Fittingly, Season 3 kicks in with Jules pouring herself a glass of wine. She later invents the wine necklace. This device holds the glass close to the chest to allow for more hands-free movement. For example, the members of the Cul-De-Sac crew can now enjoy another glass of wine while the one around their neck remains safely in the on-deck circle. It's ingenious!
Jules tells Grayson that she wants a life full of surprises. There's more to the story, but some greasy-haired skateboarders are causing a ruckus nearby. Jules orders them to move out. Grayson isn't surprised by what just went down. He believes Jules is very predictable. The G-man even writes a new tune to make his point called "Jules' Slightly Longer Morning Routine Song." Catchy title.

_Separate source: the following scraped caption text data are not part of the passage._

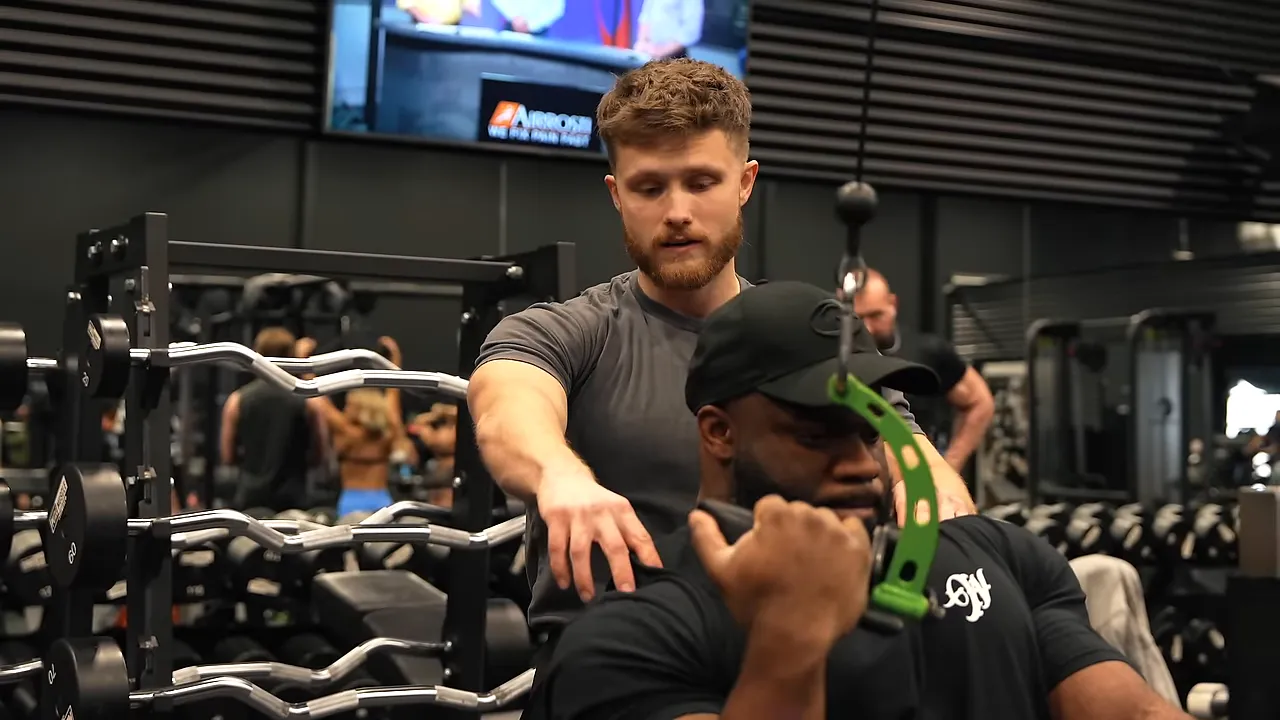 Quinton holds a single-arm pulldown handle while Jeff gestures beside his arm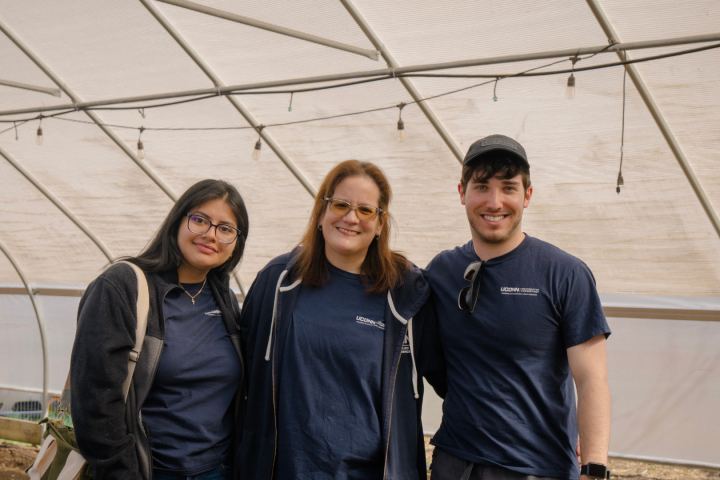 Angela Bermudez, Michael Raizin, and Lisbeth Moran with the greenhouse at Keney Park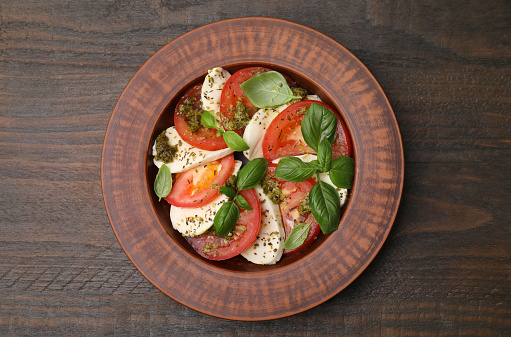 Plate of delicious Caprese salad with pesto sauce on wooden table, top view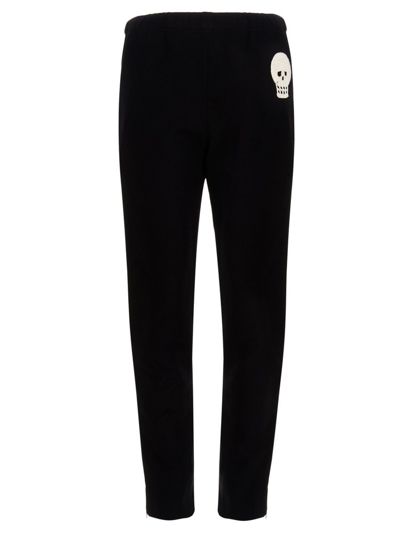 Alexander Mcqueen Jogging Pants With Embroidered Skull In Black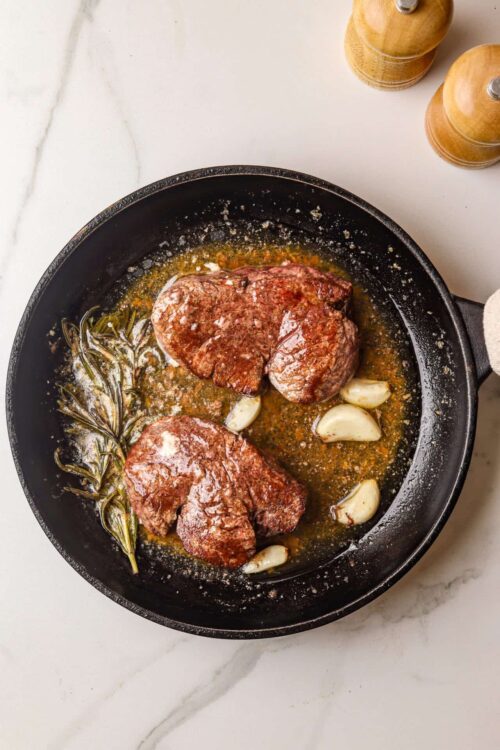 Juicy seared steaks with garlic, rosemary, and herbs in a cast iron skillet for flavorful cooking.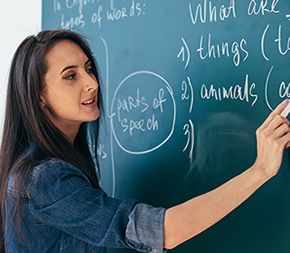 substitute teacher writes about parts of speech on blackboard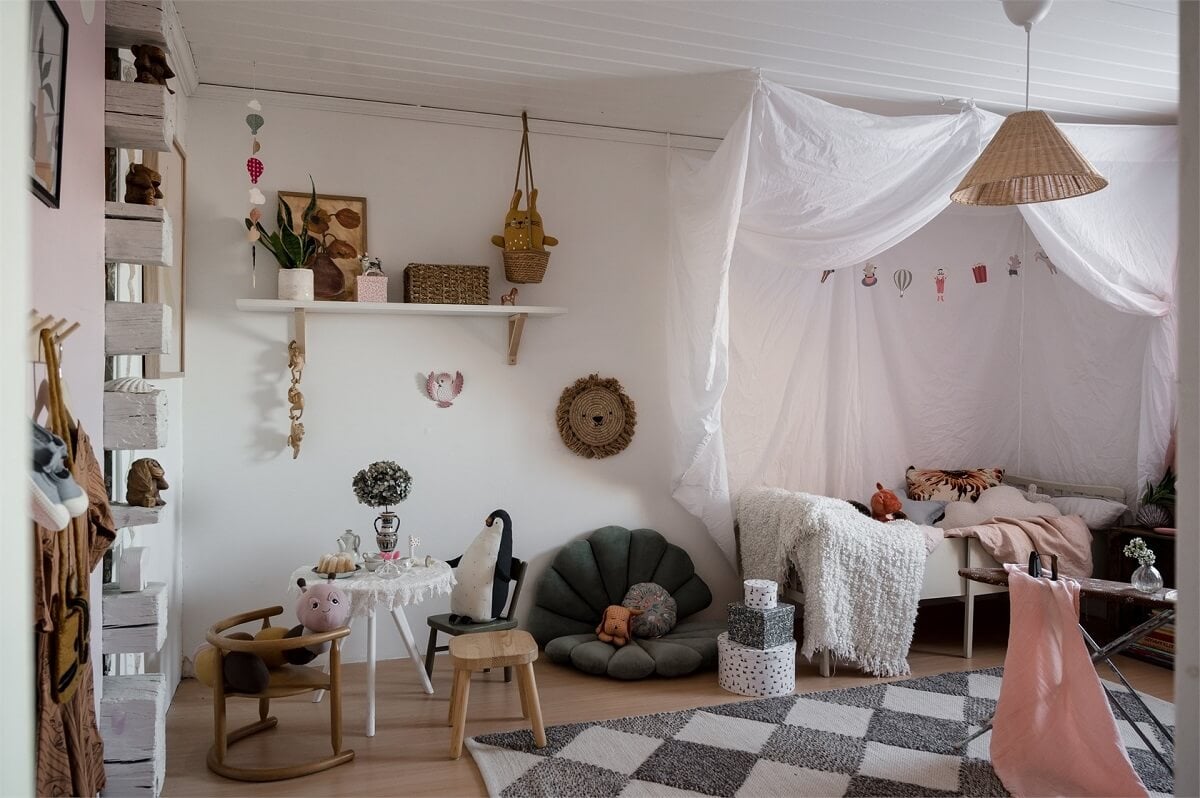A Charming Countryside Villa in Sweden 11 kids-bedroom-checkerboard-rug-canopy-bed-nordroom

Jules is ticked when her car gets "sharked." You guessed it. Someone turned her vehicle into a land shark through some creative use of toilet paper. Jules thinks it was the skate rats she reprimanded. She dreams of "revengance." That's not a real word, but you get the idea. She also dreams of a fairy tale marriage proposal where she does all the talking and is surrounded by everyone she loves. Aww.
As predicted, Jules gets ready for bed by popping in her mouth guard. Grayson vows to one day have sex with her while she wears that vile thing. It's his Everest. Well, the G-man is going to reach the summit sooner than expected as Jules climbs atop him to prove she's not predictable. All this is done without a Sherpa guide.
Ellie and Andy are afraid of baby Stan. Actually, he's not really a baby anymore. The little guy is walking, talking and smashing the neighbor's landscaping lights with a hammer. Kids, right? Ellie and Andy don't know what to do with their devil child of a son. Laurie, on the other hand, loves the little hell-raiser. That's because he's just like her. This is tragic news for Ellie.
Laurie gives Ellie the 411 on what it's like raising someone like her. It's a laundry list of mayhem that really kicks into gear come the teen years. Of course, Laurie didn't have the benefit of living with two amazing parents. Stan does. He'll be just fine. Unless he truly is a devil baby.
Bobby pulls a pop-in visit on Travis at his new two-bedroom house (that he's sharing with nine other guys). There's a homemade green screen in the living room. The 10 roomies use it to make cool videos to impress the ladies. Anyway, the reason Bobby stopped by is to ask Travis to let dog Travis live with him. They record this moving father-son moment amidst a rainstorm thanks to that fancy green screen.
Jules wakes up odd neighbor Tom in the middle of the night to take part in some unpredictable mayhem. They load up the car with toilet paper to teepee the house of one of the skate rats. Laurie joins them, but bolts when the cops arrive. She doesn't want to violate her ankle monitor guidelines. She's such a good citizen.
Tom gets Tasered when he tries to create a diversion for Jules' escape. Well, not really. It was just a ruse. The only cop around is Grayson in a fake police uniform. He's the one who sharked the car, too. It was all part of his plan to surprise Jules with a fairy tale proposal. The rest of her friends arrive via golf cart to witness this truly romantic moment. Jules had wanted to do all the talking, but she's speechless.
Grayson pops the question. Jules searches for a way to say yes that will let her true love know how happy he makes her. There's not a dry eye in the teepeed house. Fortunately, there's lots of toilet paper around to dab all those tears.